(Input)
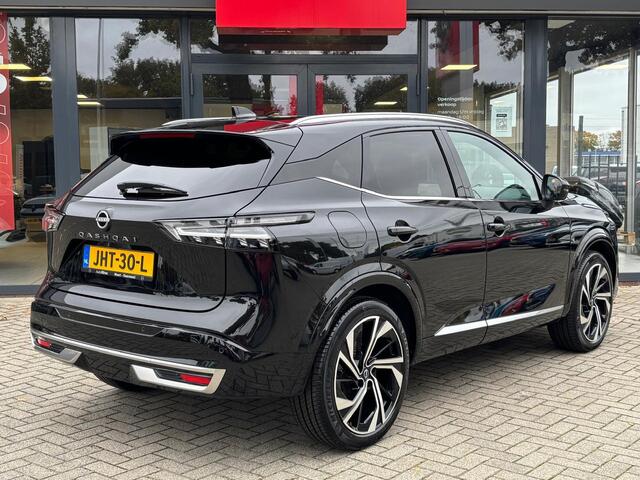 Nissan QASHQAI MHEV 158 Xtronic Tekna Plus | PANORAMADAK | HEAD-UP DISPLAY | BOSE AUDIO | LEDER | MASSAGESTOELEN |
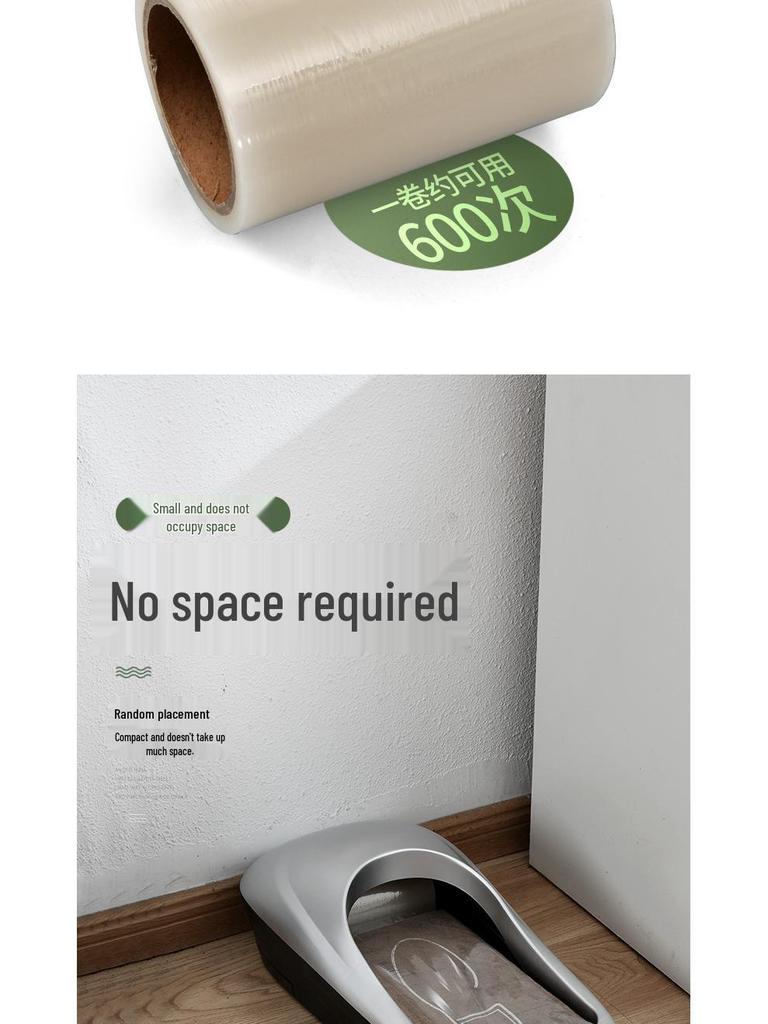 Automatischer Einweg-Schuhüberziehmaschinen für Büro- und Heimgebrauch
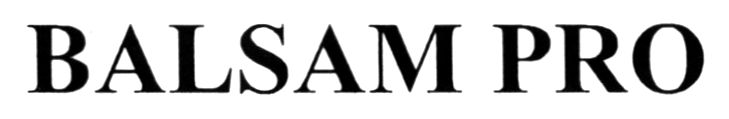 balsam pro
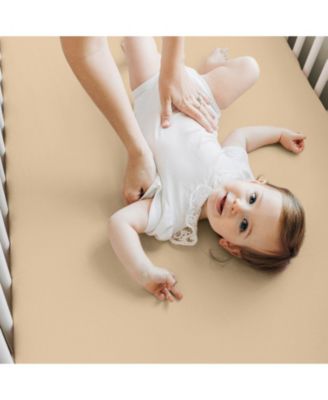 2pk Fitted Crib Sheets for Boys, Girls, Baby Crib Sheet, Standard Nursery Crib Sheet Cover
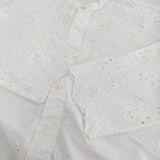 JOURNAL STANDARD LUXE カットワークレースオールインワン インド製 25SS ホワイト レディース ジャーナルスタンダード ラックス【中古】5-0926M♪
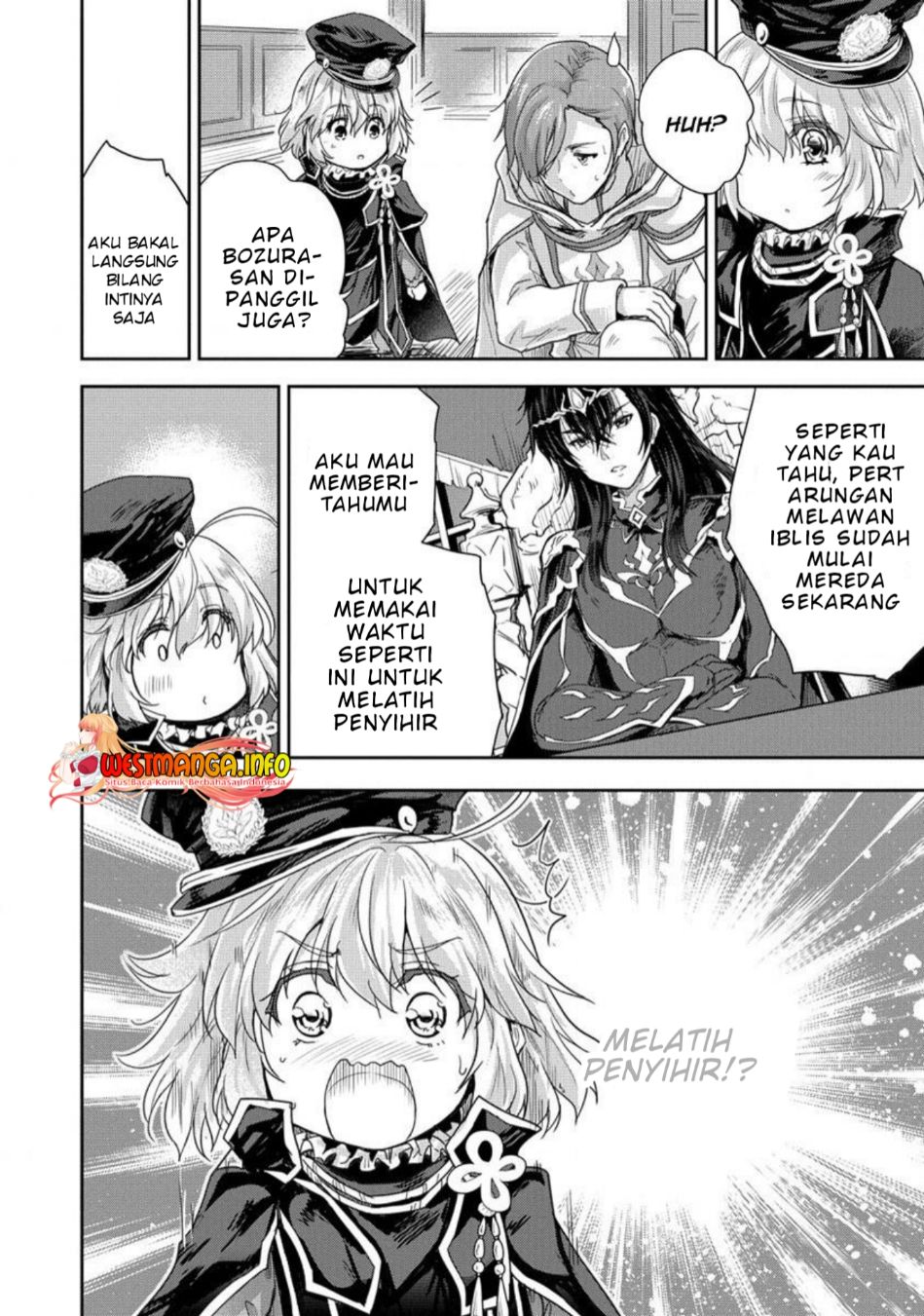 Shindou Sefiria no Gekokujou Program Chapter 33 - Halaman 4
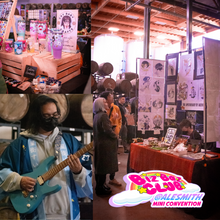 Load image into Gallery viewer, BizBaz ZINE FEST San Diego Mini Con @ AleSmith!
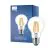 Philips MASTER LED Żarówka Ultra Efficient E27 Gruszka Przezroczysty 2.3W 485lm - 827 Bardzo Ciepła Biel | Zamienne 40W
(End Input)
> _Exercise objective_
Retype, word for word, the line containing "Load image into" and each line after it through the end of the data, leaving any picture out.

> _Output of the exercise_
 Load image into Gallery viewer, BizBaz ZINE FEST San Diego Mini Con @ AleSmith!
 Philips MASTER LED Żarówka Ultra Efficient E27 Gruszka Przezroczysty 2.3W 485lm - 827 Bardzo Ciepła Biel | Zamienne 40W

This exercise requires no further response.